"Kebijakan ini diambil untuk mencegah praktik penagihan yang tidak transparan maupun permintaan biaya yang tidak memiliki dasar kesepakatan antara para pihak," katanya.
Jartatel juga berkomitmen memberikan pendampingan kepada anggotanya apabila terdapat permintaan relokasi yang dinilai tidak sesuai regulasi.
Ingatkan Potensi Sengketa Hukum
Selain persoalan biaya, Jartatel mengingatkan pelaksanaan relokasi tanpa kontrak atau surat perintah kerja (SPK) berpotensi menimbulkan sengketa hukum.
Raymond menjelaskan, apabila terdapat vendor atau kontraktor yang menagih biaya tanpa adanya kesepakatan tertulis mengenai harga maupun ruang lingkup pekerjaan, kondisi tersebut berpotensi melanggar ketentuan perjanjian sebagaimana diatur dalam Pasal 1320 KUHPerdata.

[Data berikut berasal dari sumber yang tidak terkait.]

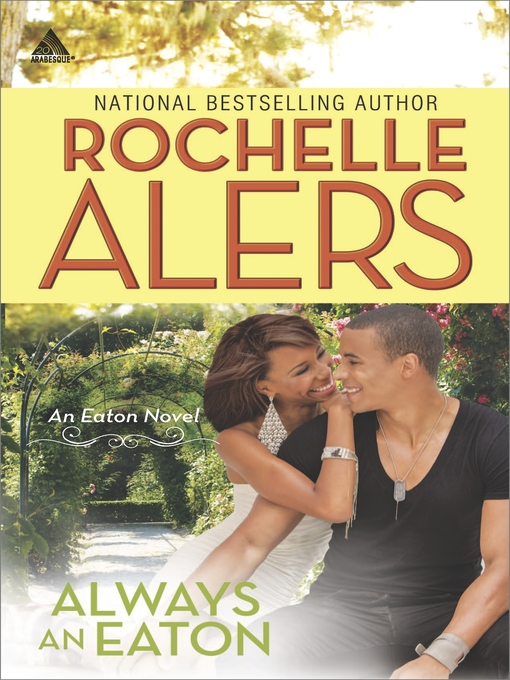 Title details for Always an Eaton: Sweet Dreams\Twice the Temptation by Rochelle Alers - Available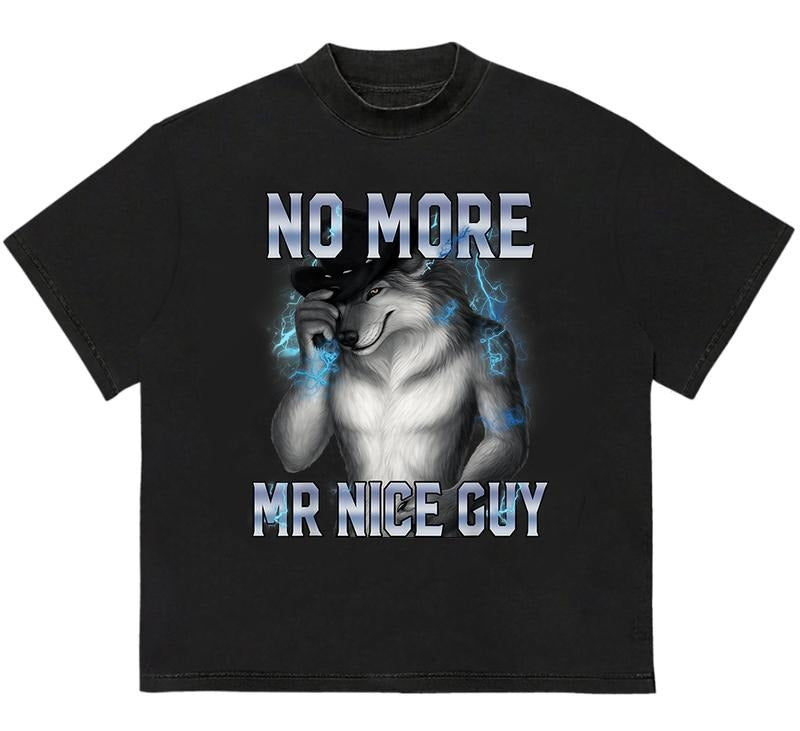 No More Mr Nice Guy Funny Alpha Wolf Meme  T-Shirt Unique T-Shirt Gift for Her Hoodie, Sweatshirt | GrindPrints.com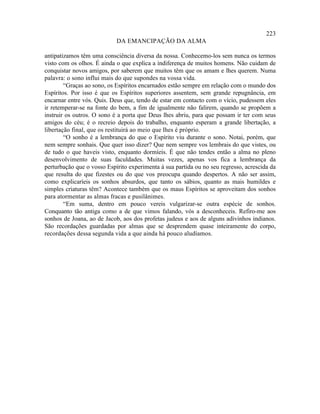 223
                            DA EMANCIPAÇÃO DA ALMA

antipatizamos têm uma consciência diversa da nossa. Conhecemo-los sem nunca os termos
visto com os olhos. É ainda o que explica a indiferença de muitos homens. Não cuidam de
conquistar novos amigos, por saberem que muitos têm que os amam e lhes querem. Numa
palavra: o sono influi mais do que supondes na vossa vida.
        “Graças ao sono, os Espíritos encarnados estão sempre em relação com o mundo dos
Espíritos. Por isso é que os Espíritos superiores assentem, sem grande repugnância, em
encarnar entre vós. Quis. Deus que, tendo de estar em contacto com o vício, pudessem eles
ir retemperar-se na fonte do bem, a fim de igualmente não falirem, quando se propõem a
instruir os outros. O sono é a porta que Deus lhes abriu, para que possam ir ter com seus
amigos do céu; é o recreio depois do trabalho, enquanto esperam a grande libertação, a
libertação final, que os restituirá ao meio que lhes é próprio.
        “O sonho é a lembrança do que o Espírito viu durante o sono. Notai, porém, que
nem sempre sonhais. Que quer isso dizer? Que nem sempre vos lembrais do que vistes, ou
de tudo o que haveis visto, enquanto dormíeis. É que não tendes então a alma no pleno
desenvolvimento de suas faculdades. Muitas vezes, apenas vos fica a lembrança da
perturbação que o vosso Espírito experimenta à sua partida ou no seu regresso, acrescida da
que resulta do que fizestes ou do que vos preocupa quando despertos. A não ser assim,
como explicaríeis os sonhos absurdos, que tanto os sábios, quanto as mais humildes e
simples criaturas têm? Acontece também que os maus Espíritos se aproveitam dos sonhos
para atormentar as almas fracas e pusilânimes.
        “Em suma, dentro em pouco vereis vulgarizar-se outra espécie de sonhos.
Conquanto tão antiga como a de que vimos falando, vós a desconheceis. Refiro-me aos
sonhos de Joana, ao de Jacob, aos dos profetas judeus e aos de alguns adivinhos indianos.
São recordações guardadas por almas que se desprendem quase inteiramente do corpo,
recordações dessa segunda vida a que ainda há pouco aludíamos.
 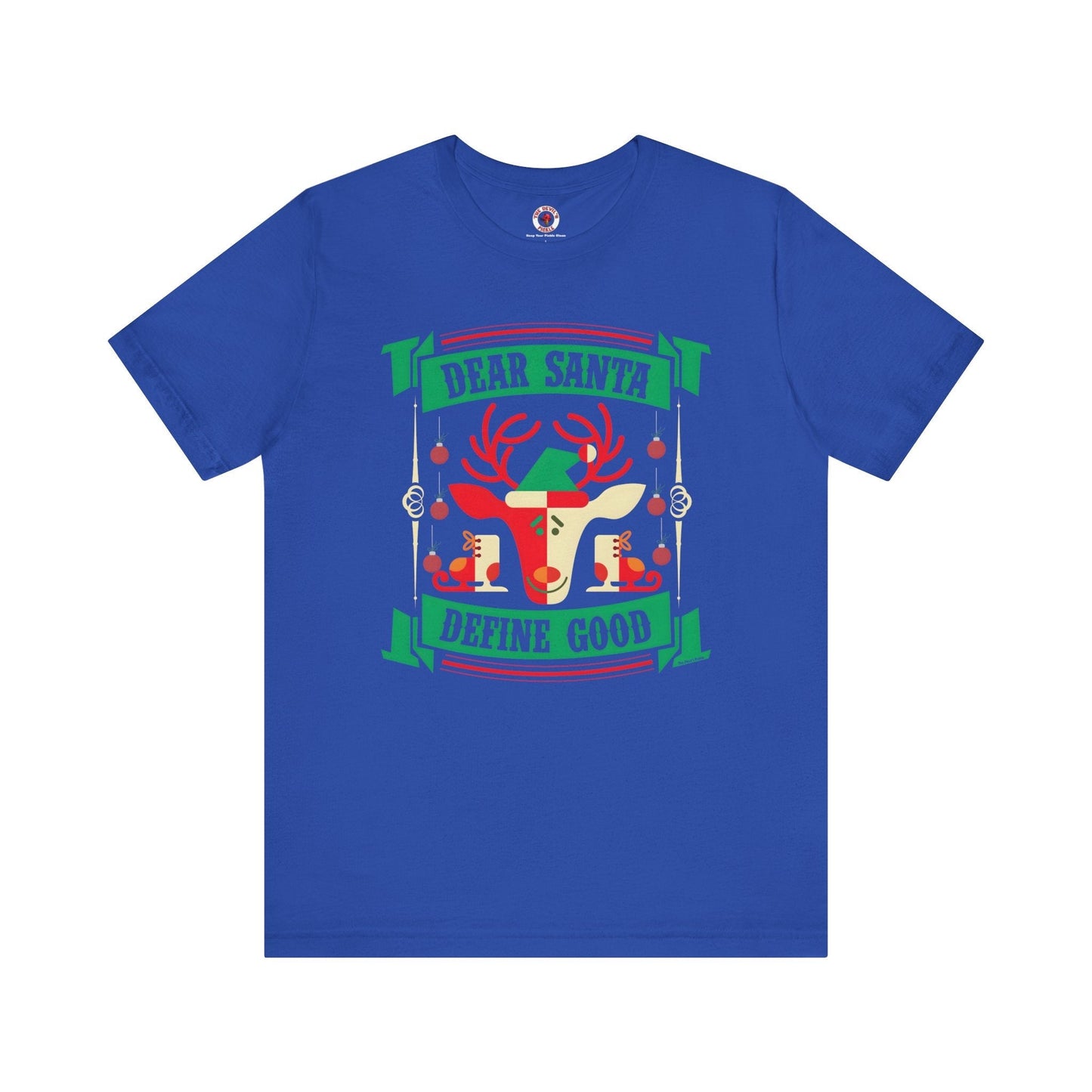 Dear Santa Define Good T-Shirt The Devil's Pickle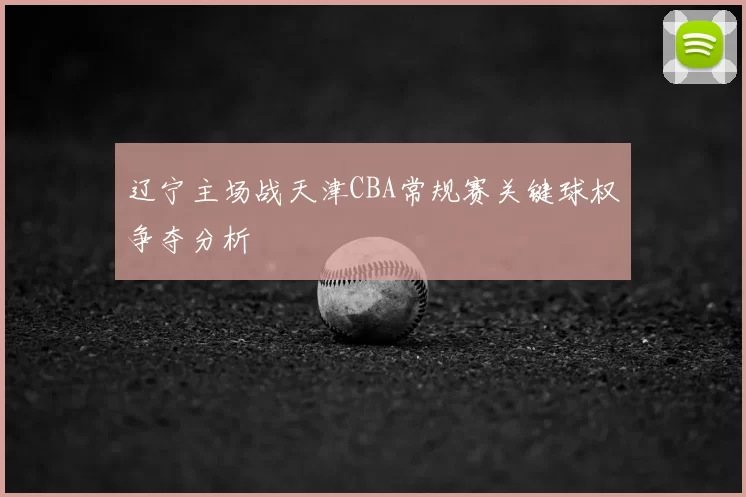 辽宁主场战天津CBA常规赛关键球权争夺分析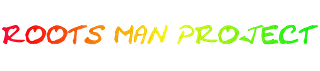 Roots Man Project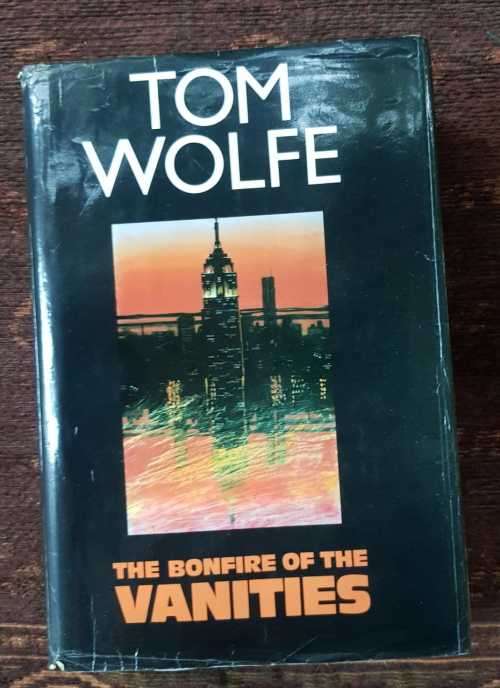 The Bonfire of the Vanities by Tom Wolfe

Tak hanya itu, asosiasi juga mengingatkan agar pelaksana di lapangan tidak melakukan pemotongan kabel secara sepihak karena dapat mengganggu layanan telekomunikasi yang digunakan masyarakat, fasilitas publik, hingga pelaku usaha.

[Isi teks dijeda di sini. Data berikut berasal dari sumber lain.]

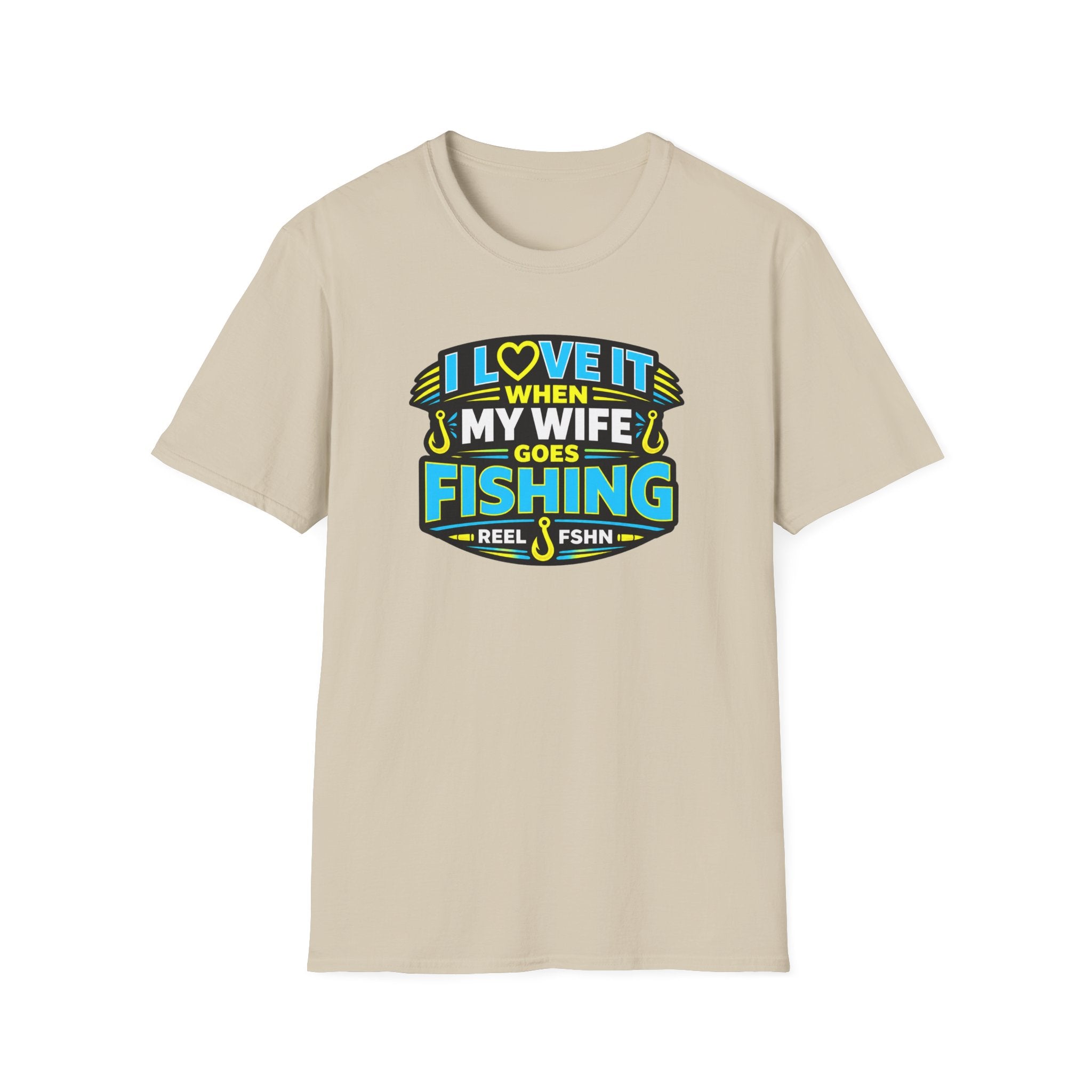 I Love It When My Wife Goes Fishing T-Shirt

Menurut Jartatel, tindakan tersebut bertentangan dengan Pasal 38 Undang-Undang Nomor 36 Tahun 1999 tentang Telekomunikasi yang melarang setiap orang melakukan perbuatan yang menimbulkan gangguan terhadap penyelenggaraan telekomunikasi.

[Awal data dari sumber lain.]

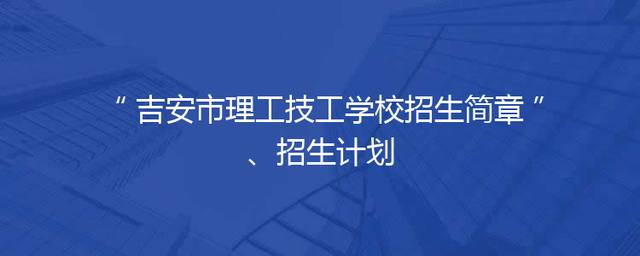 吉安市理工技工学校招生简章、招生计划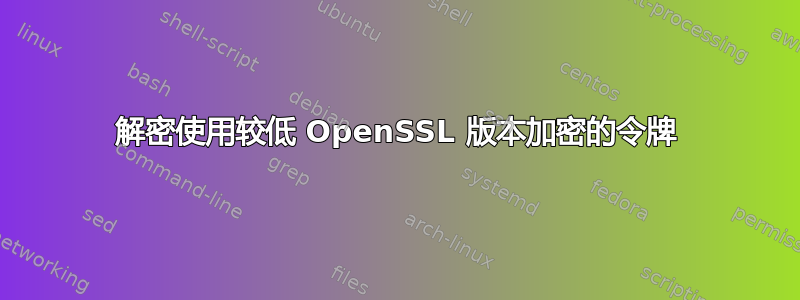 解密使用较低 OpenSSL 版本加密的令牌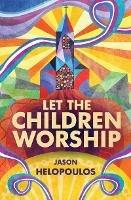 Let the Children Worship - Jason Helopoulos - cover
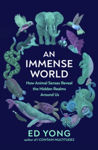 Picture of An Immense World : How Animal Senses Reveal the Hidden Realms Around Us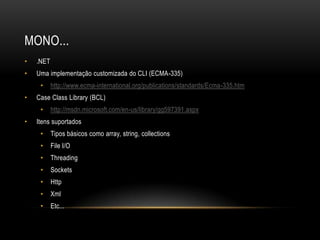 MONO...
•   .NET
•   Uma implementação customizada do CLI (ECMA-335)
     •     http://www.ecma-international.org/publications/standards/Ecma-335.htm
•   Case Class Library (BCL)
     •     http://msdn.microsoft.com/en-us/library/gg597391.aspx
•   Itens suportados
     •     Tipos básicos como array, string, collections
     •     File I/O
     •     Threading
     •     Sockets
     •     Http
     •     Xml
     •     Etc...
 
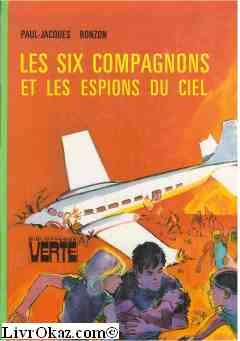 Beispielbild fr Les six compagnons et les espions du ciel zum Verkauf von A TOUT LIVRE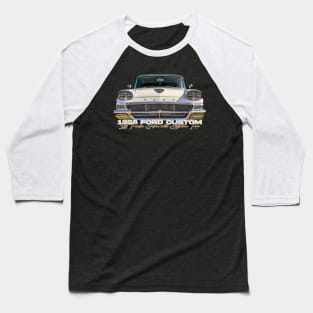 1958 Ford Custom 300 Fordor Sedan with Styletone Trim Baseball T-Shirt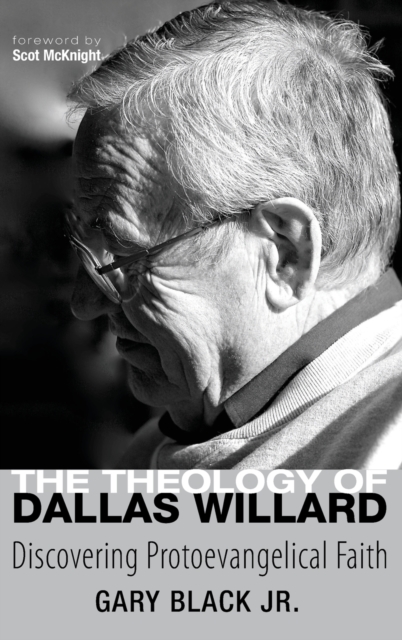 The Theology of Dallas Willard - Gary Black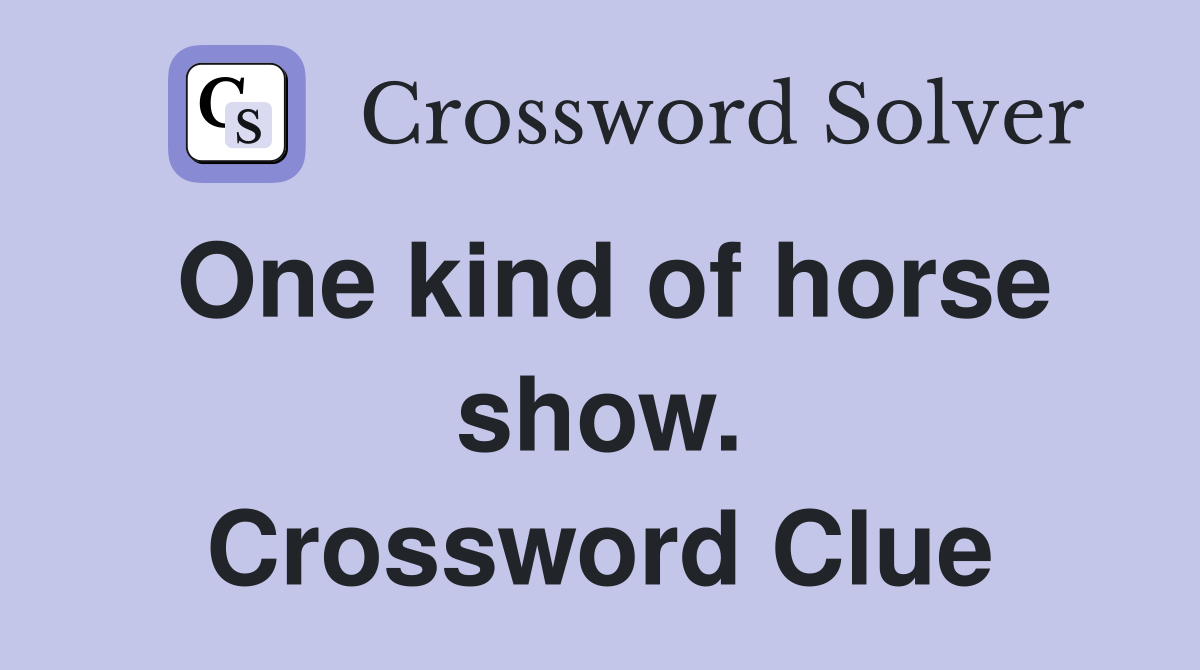 One kind of horse show. Crossword Clue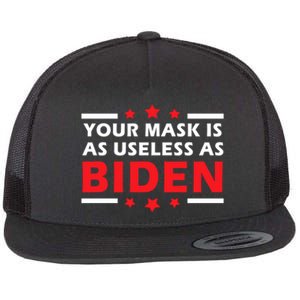 Great Gift Your Mask Is As Useless As Joe Biden Sucks Flat Bill Trucker Hat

Meski demikian, Raymond menegaskan sikap Jartatel bukan untuk menghambat program penataan kota yang dijalankan pemerintah daerah.
>>> Kuota Rollover Wajib Belum Bisa Diterapkan, Tunggu Aturan Teknis
"Kami mendukung penataan kota, tetapi pelaksanaannya harus tetap memberikan kepastian hukum, transparansi biaya, dan melindungi keberlangsungan usaha anggota, terutama UMKM," pungkasnya.